▸ **Exercise prompt**: Copy the records below exactly, starting at the line that contains "Load image into Gallery viewer, Jade" and ending at the line that contains "Fashionable Pu Leather Pants"; leave out any pictures.

▸ **Record excerpts**:
%%

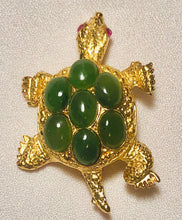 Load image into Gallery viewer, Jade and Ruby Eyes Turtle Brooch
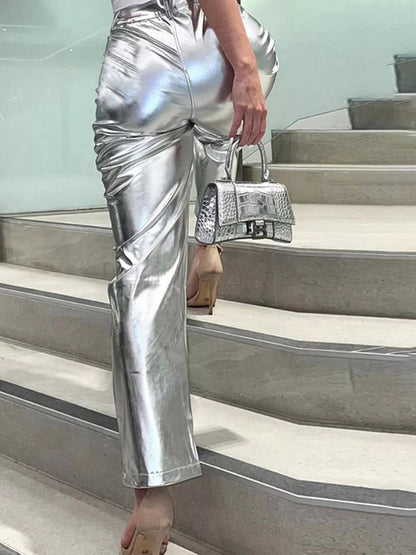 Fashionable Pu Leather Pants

%%
%%

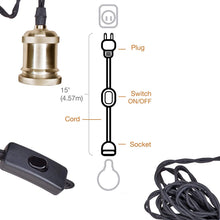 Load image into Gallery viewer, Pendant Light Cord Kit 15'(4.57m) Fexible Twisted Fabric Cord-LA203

%%

▸ **Your response**:
 Load image into Gallery viewer, Jade and Ruby Eyes Turtle Brooch
 Fashionable Pu Leather Pants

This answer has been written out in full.